** Opening Entries shown block **
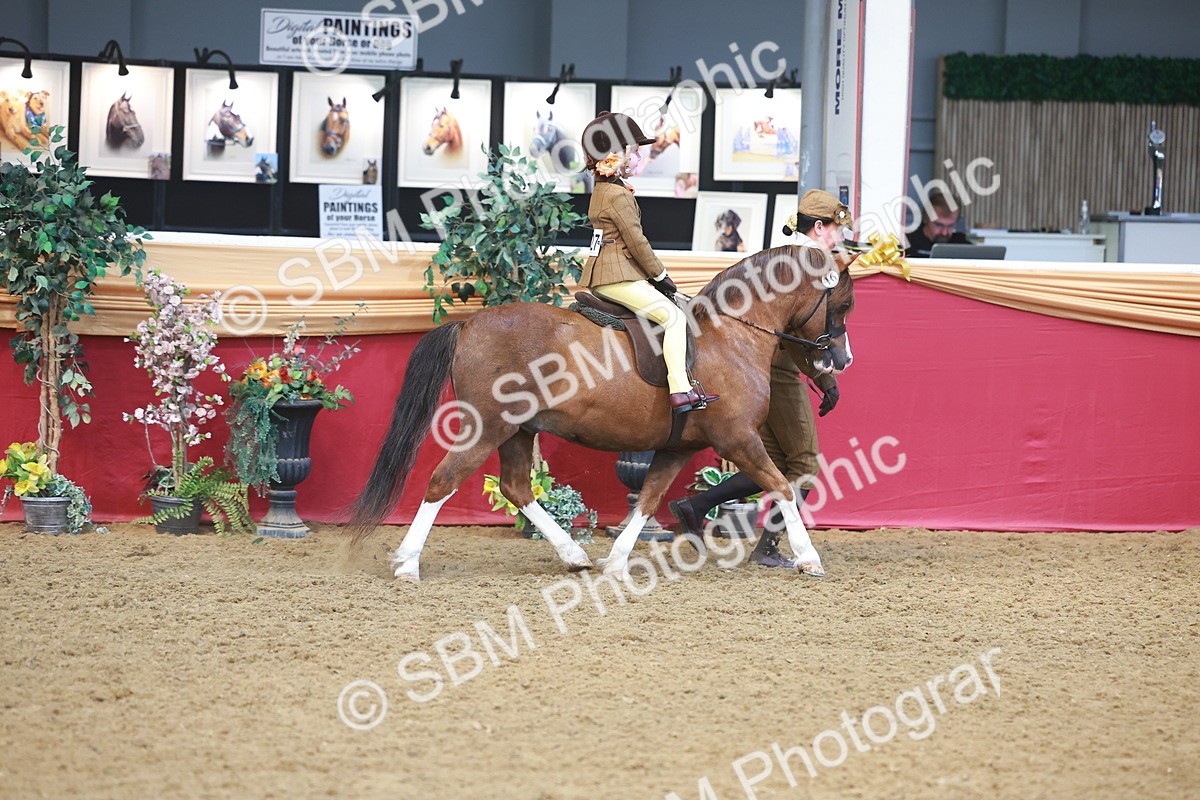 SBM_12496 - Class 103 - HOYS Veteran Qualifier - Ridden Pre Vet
** Closing Entries shown block **
** Opening Entries shown block **
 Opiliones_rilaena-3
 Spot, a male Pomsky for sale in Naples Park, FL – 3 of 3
** Closing Entries shown block **
** Opening Entries shown block **
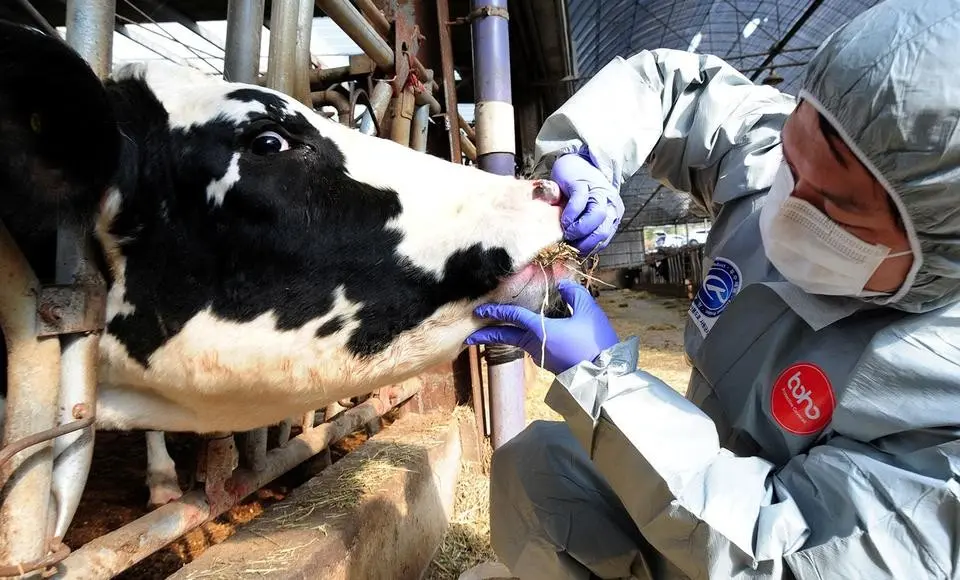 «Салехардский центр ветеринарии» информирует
** Closing Entries shown block **
(Task details) Leave out every line above except those from the line with "Opiliones_rilaena-3" up to and including the line with "Spot, a male", and copy those exactly.

(Answer below)
 Opiliones_rilaena-3
 Spot, a male Pomsky for sale in Naples Park, FL – 3 of 3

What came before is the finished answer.